#### WHAT THE TASK REQUIRES
Reprint all records below exactly. No images.

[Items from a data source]

* * *

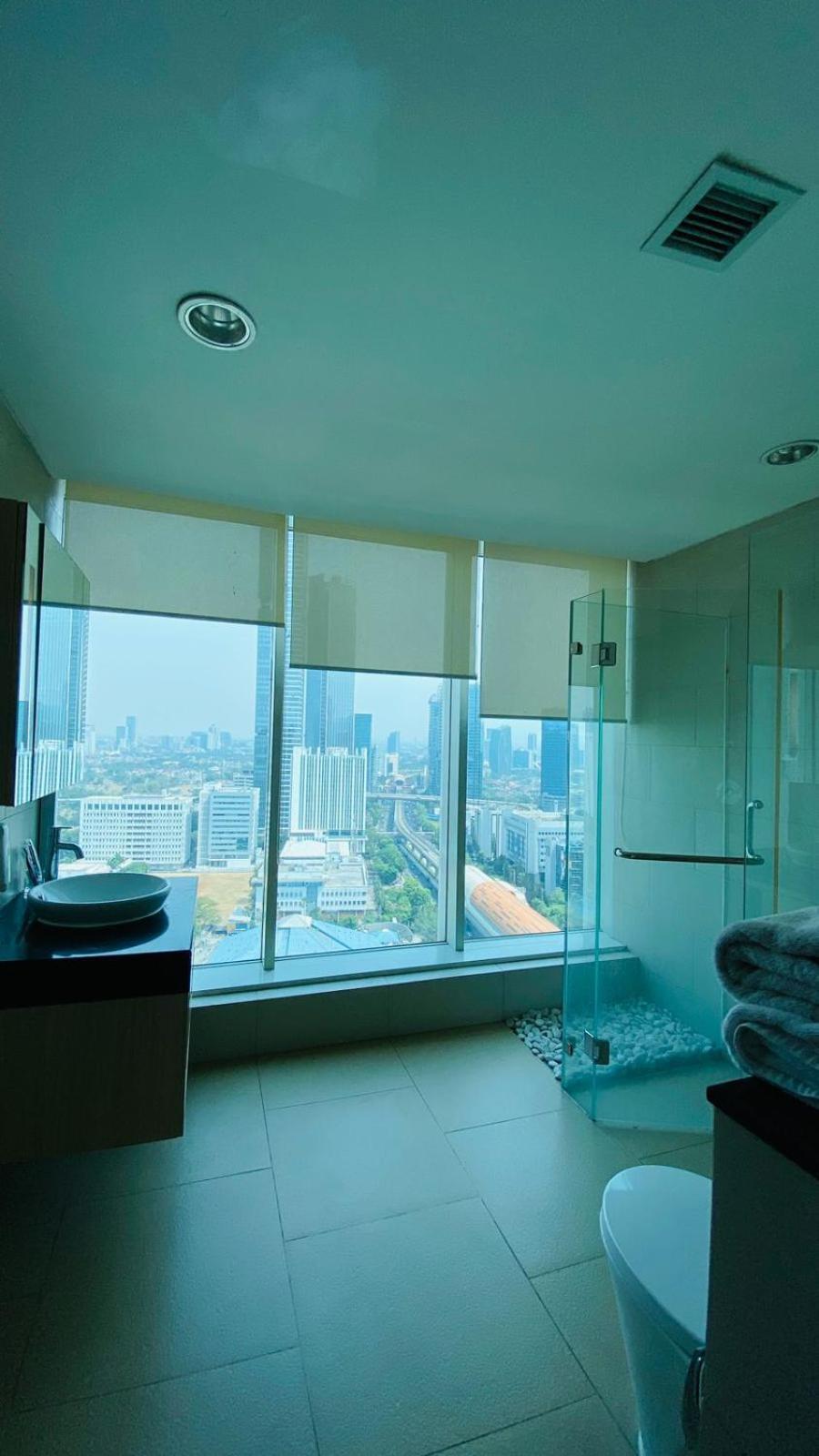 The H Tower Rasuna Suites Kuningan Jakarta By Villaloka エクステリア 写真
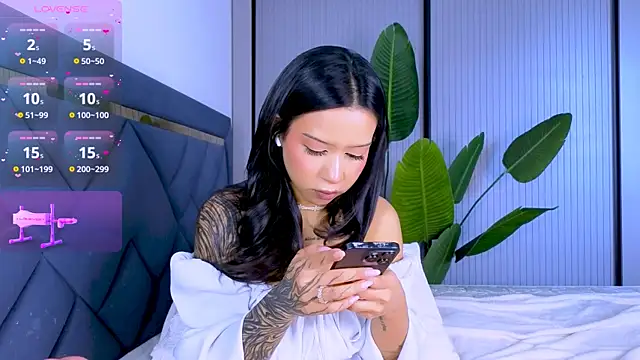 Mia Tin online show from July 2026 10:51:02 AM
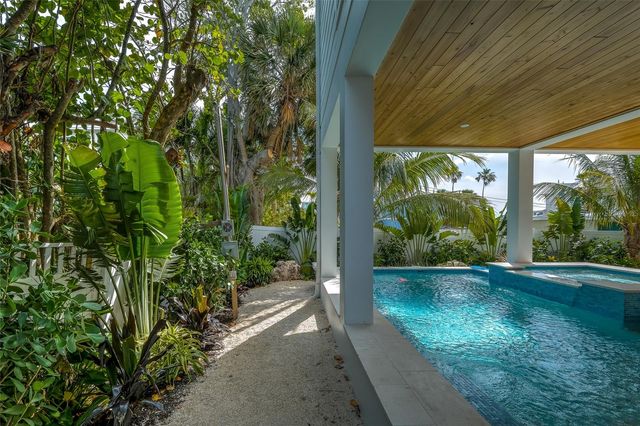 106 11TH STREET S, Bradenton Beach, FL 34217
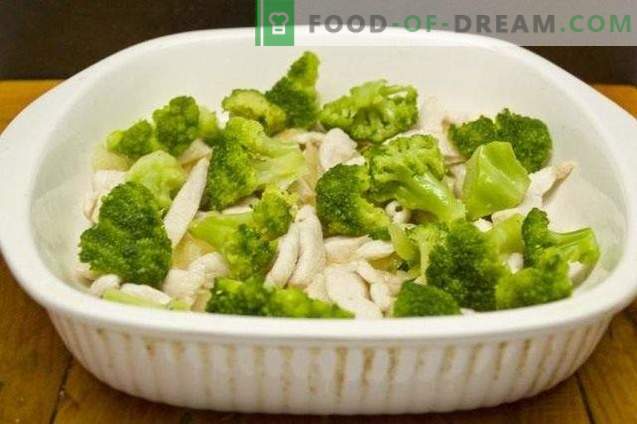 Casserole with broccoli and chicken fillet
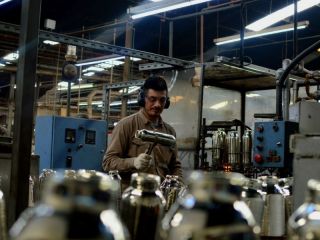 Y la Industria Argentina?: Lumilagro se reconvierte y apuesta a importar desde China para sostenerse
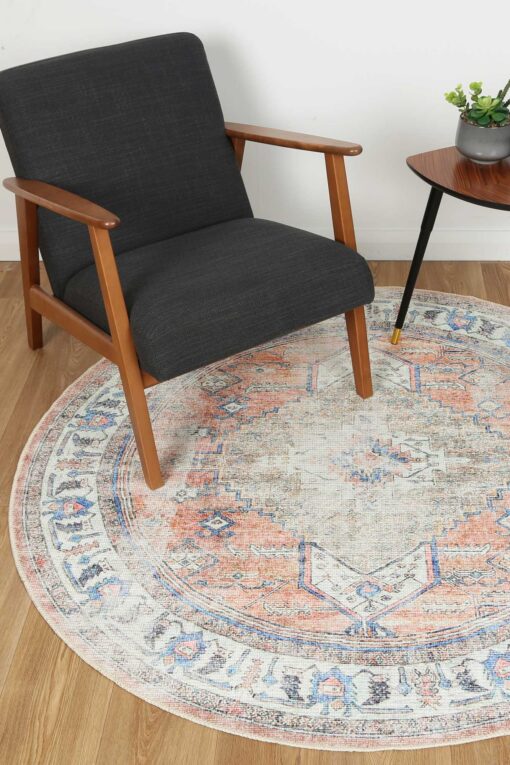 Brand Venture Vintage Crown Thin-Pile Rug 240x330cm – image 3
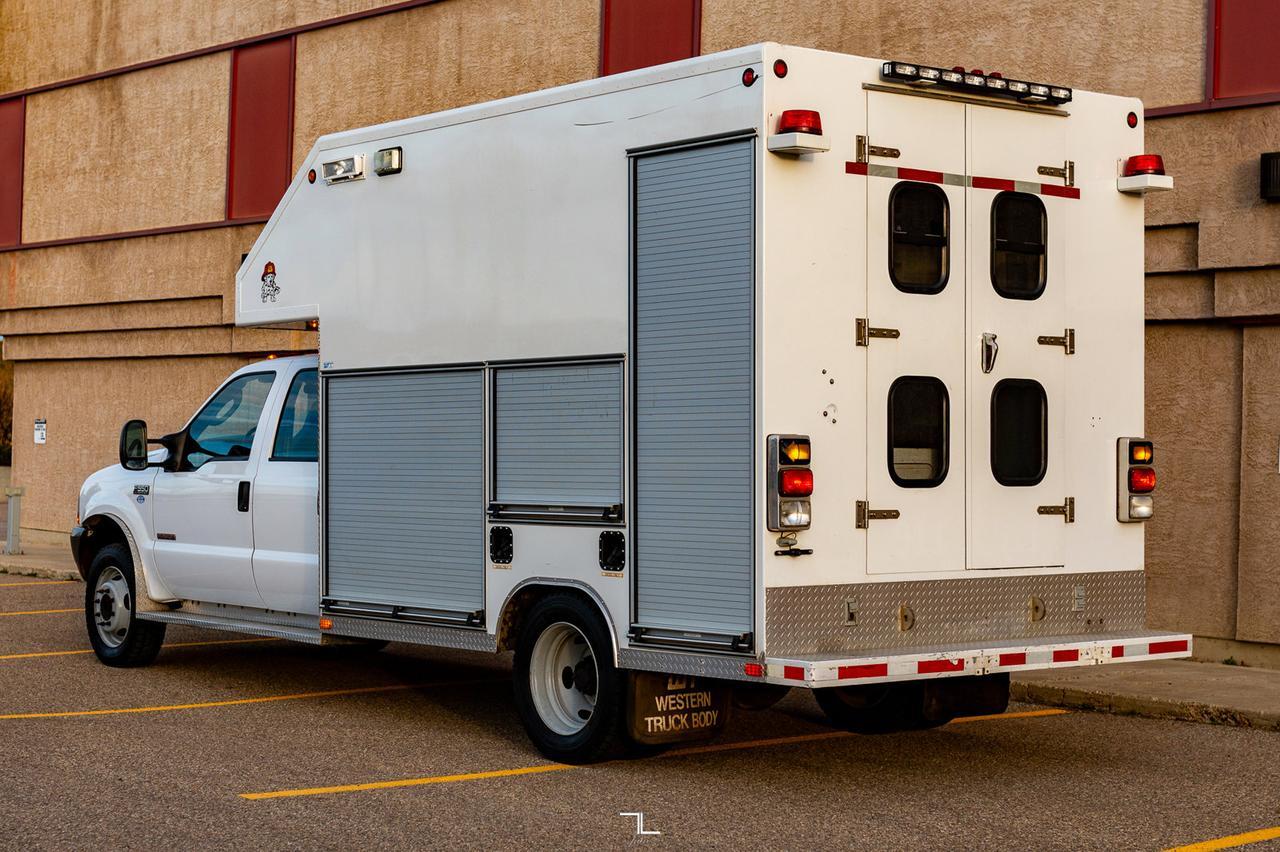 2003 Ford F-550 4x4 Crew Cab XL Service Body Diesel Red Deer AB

* * *

#### TASK OUTPUT
 The H Tower Rasuna Suites Kuningan Jakarta By Villaloka エクステリア 写真
 Mia Tin online show from July 2026 10:51:02 AM
 106 11TH STREET S, Bradenton Beach, FL 34217
 Casserole with broccoli and chicken fillet
 Y la Industria Argentina?: Lumilagro se reconvierte y apuesta a importar desde China para sostenerse
 Brand Venture Vintage Crown Thin-Pile Rug 240x330cm – image 3
 2003 Ford F-550 4x4 Crew Cab XL Service Body Diesel Red Deer AB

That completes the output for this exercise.